Turkey suspends Israel defence ties over Gaza aid raid

The cruise liner Mavi Marmara is pictured in a shipyard in Istanbul, Turkey, 4 September 2011 Israeli navy commandos intercepted the Mavi Marmara and other ships

Turkish PM Recep Tayyip Erdogan has said his country is suspending all defence ties with Israel.

The move follows the expulsion of Israel's ambassador over its refusal to apologise for the 2010 raid on a flotilla of activists heading for Gaza, in which nine Turks were killed.

A UN report has concluded that Israel used "excessive force" in its raid, but that the naval blockade was legal.

Turkey has vowed to take the case to the International Court of Justice.

Based in The Hague, the ICJ is a permanent UN court set up to rule on state-to-state disputes.
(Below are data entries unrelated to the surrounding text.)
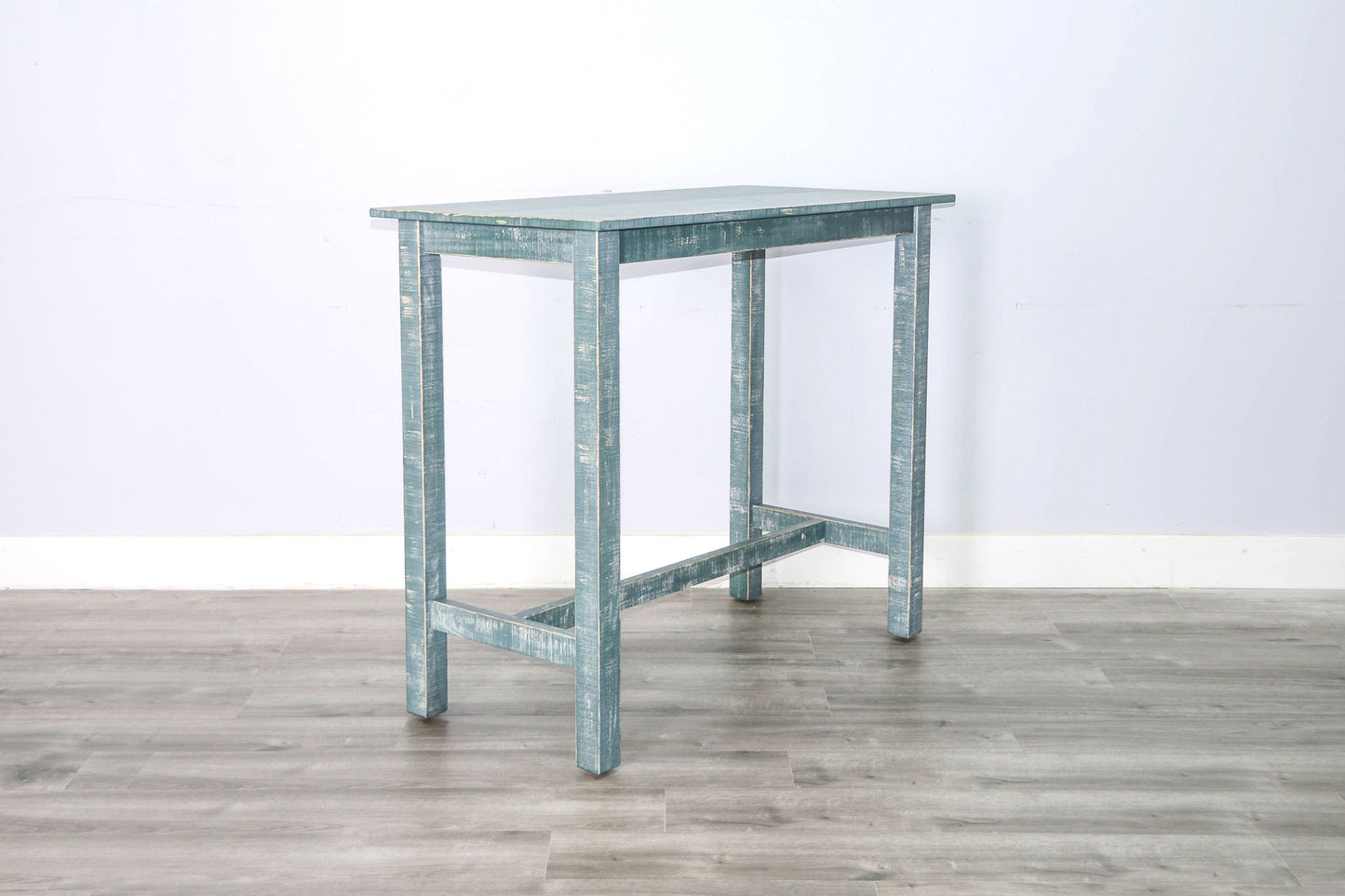 Marina - Pub Table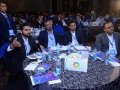 panel-discussion-35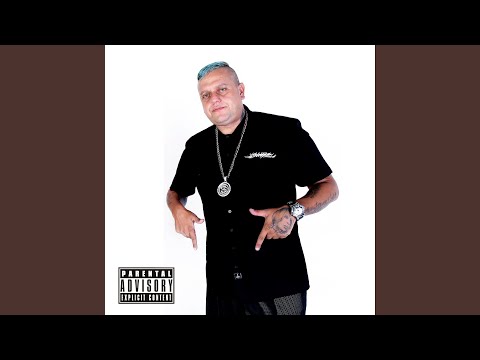 Representando os Nossos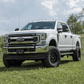 BDS 5 Inch Lift Kit FOX 2.5 Coil-Over Conversion | Ford F250/F350 Super Duty 20-222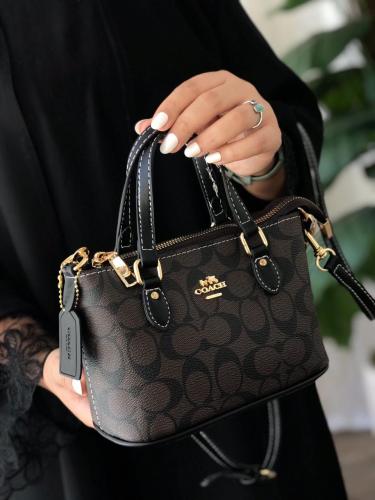 شنطه كوتش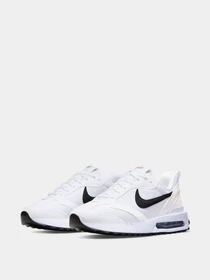 Кроссовки NIKE модель DH5131-101 Фото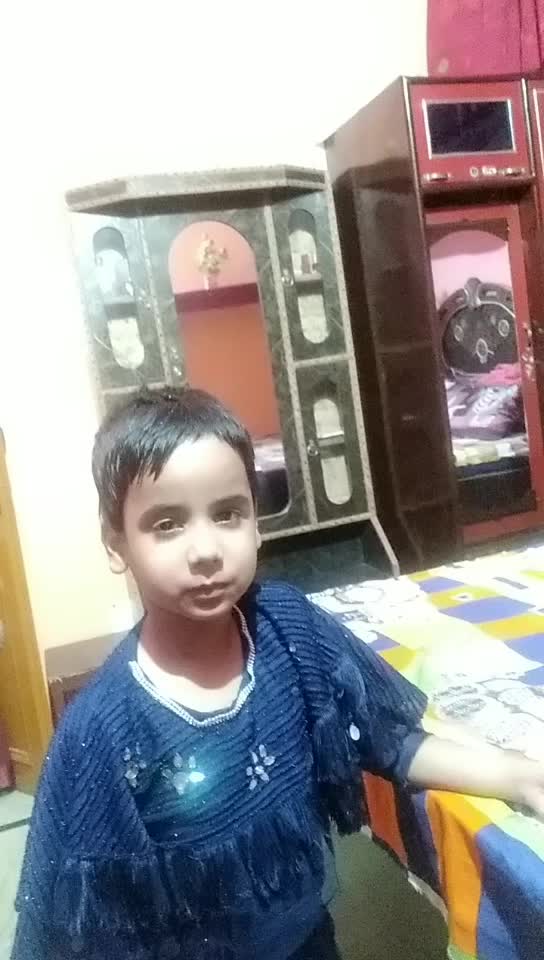 @nakshgautam017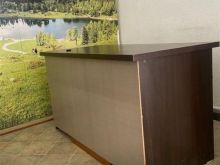 shitet tavolina e punes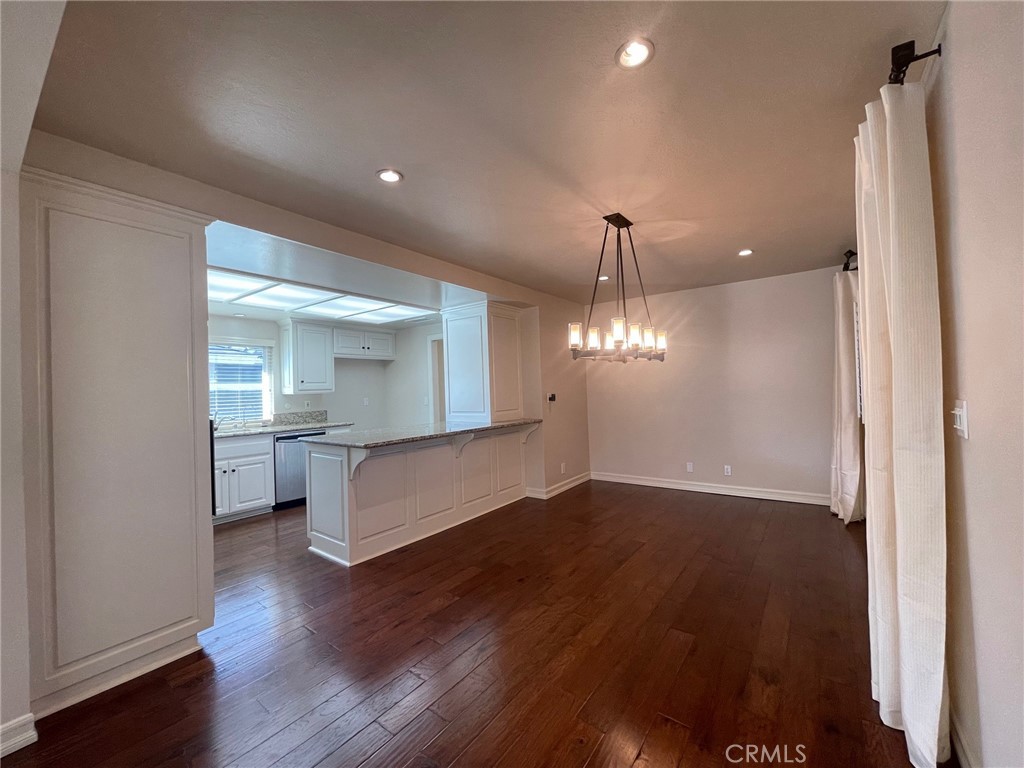 Other - Residential Lease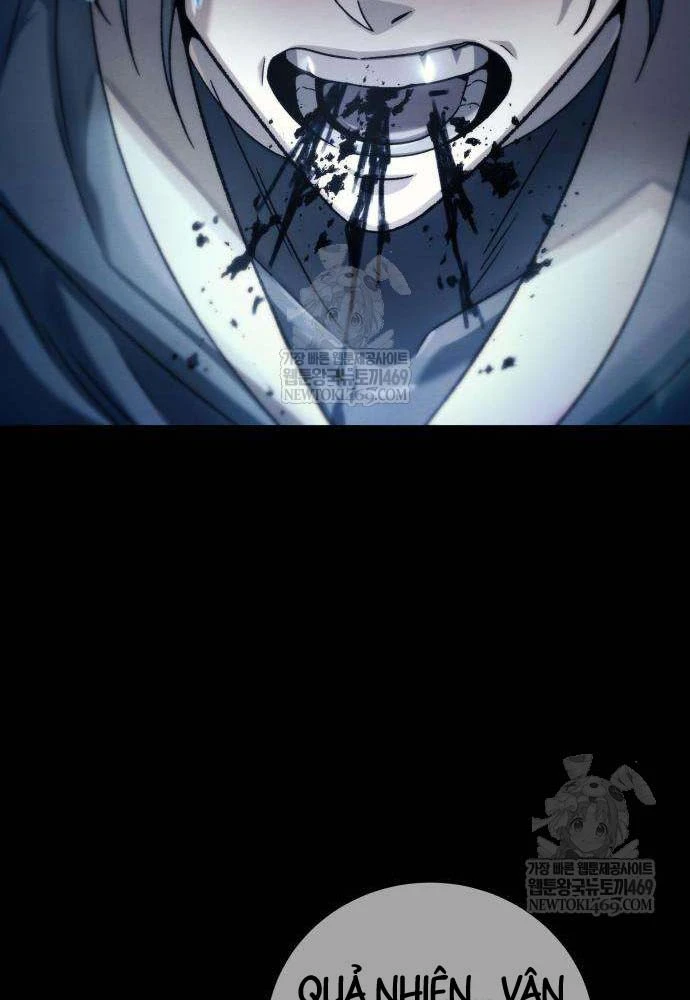 Tứ Xuyên Bá Vương Chapter 4 - 53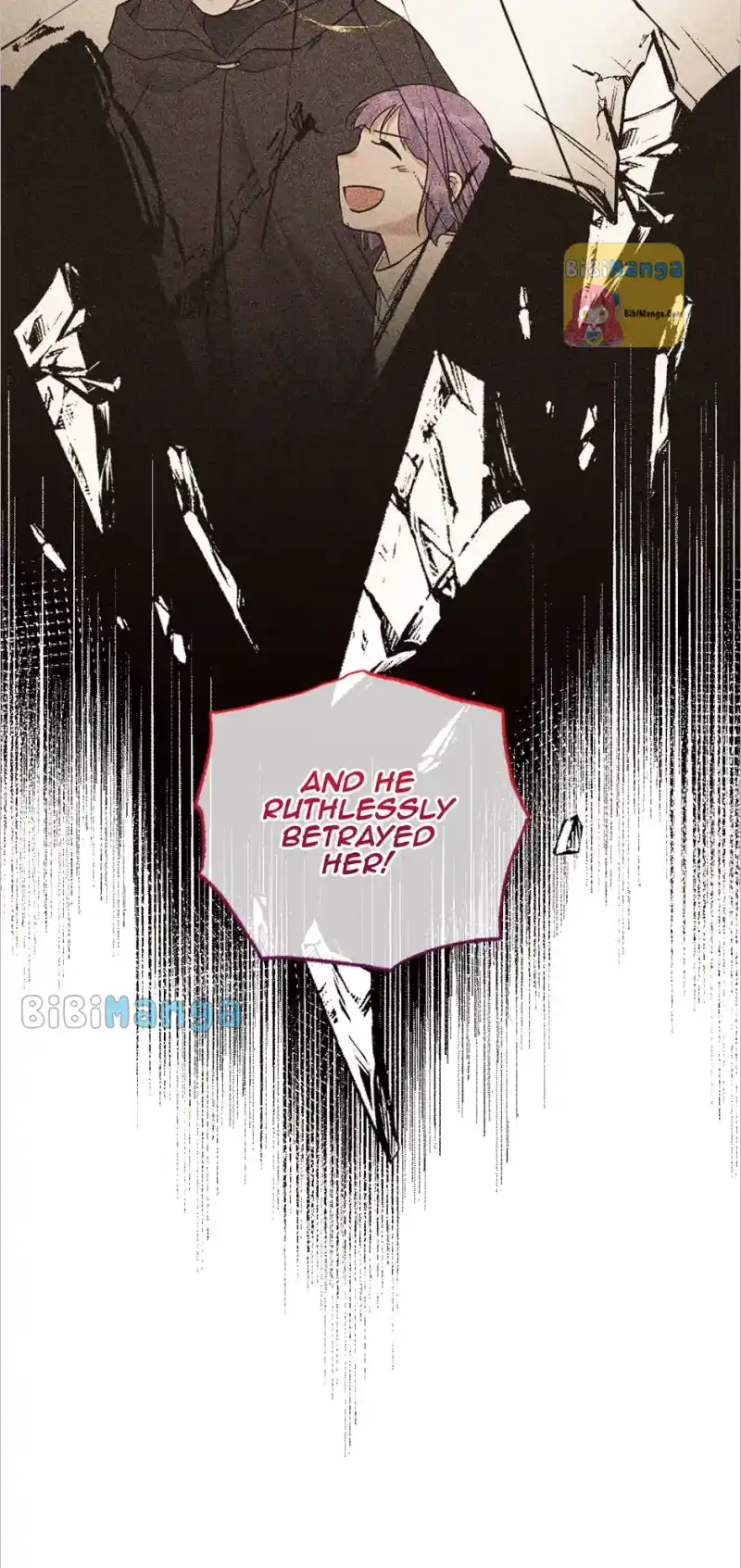 The Goal Is To Become A Gold Spoon So I Need To Be Completely Invulnerable Chapter 125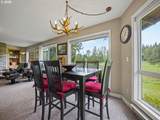 68565 Fairway Estates Rd - Photo 8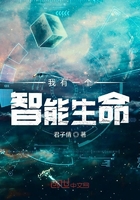 《我有一个智能生命》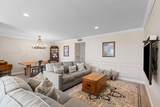947 Circle Drive - Photo 5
In reality, experts say it is unlikely Turkey will be able to take Israel to the ICJ since, under court rules, Israel would need to give its consent for the action to be heard.

Mr Erdogan said Turkey was "totally suspending" defence ties with Israel, after downgrading diplomatic relations with the country.

"Trade ties, military ties, regarding defence industry ties, we are completely suspending them," he told reporters in Ankara. "This process will be followed by different measures."

Turkey expelled the Israeli ambassador on 2 September and also suspended military co-operation with Israel last week.

Israel has expressed regret for the loss of lives.

But Mr Erdogan described the raid as "savagery" and accused Israel of acting like "a spoiled boy" in the region.

Co-operation

A US state department spokeswoman expressed concern over the row between the two countries, urging them to "de-escalate" their dispute.

"Our emphasis with both the government of Turkey and the government of Israel is to hope that we can de-escalate, we can defuse, and we can get them back to talking about improving their relationship," Agence France Presse quoted spokeswoman Victoria Nuland as saying.

The two countries have had substantial military co-operation during the past two decades, but that has decreased in recent years, says the BBC's Jonathan Head in Istanbul.

If there were any doubts about Turkey's attitude to its once-lucrative defence arrangements with Israel, Mr Erdogan has dispelled them, he says.

However, most of the deals with Israeli companies, like the upgrading of Turkey's US-made jets and tanks, have already been completed.

The last of 10 advanced drones, or unmanned aircraft, have been delivered, and Turkey does not plan to buy any more. But it may still need Israeli technical assistance to operate those drones, which play an important role in the war against Kurdish insurgents, adds our correspondent.

Turkey's manufacture of Israeli-designed armoured vehicles - essential equipment for the soldiers fighting in the south-east - could also be affected.

In the past, the Turkish armed forces might have been able to stop such a break in relations with their Israeli counterparts.

But this year, the generals are for the first time firmly under the thumb of a civilian government, which is determined to show its displeasure with Israel, says our correspondent.

'Unreasonable' force

The nine pro-Palestinian activists who died were on board the Turkish-flagged ship, Mavi Marmara, when it was intercepted by the Israeli navy in international waters as it sailed towards Gaza's coast on 31 May 2010.

At the time, the Israeli military said its commandos fired live rounds only after being attacked with clubs, knives and guns. But activists on board said the commandos started shooting as soon as they hit the deck.

The UN inquiry found Israel's naval blockade had been "imposed as a legitimate security measure in order to prevent weapons from entering Gaza by sea and its implementation complied with the requirements of international law".

It said Israeli troops had faced "significant, organised and violent resistance from a group of passengers" and were therefore required to use force for their own protection.

But it also said Israel's decision to board the vessels "with such substantial force at a great distance from the blockade zone and with no final warning immediately prior to the boarding was excessive and unreasonable".

The report noted "forensic evidence showing that most of the deceased were shot multiple times, including in the back, or at close range".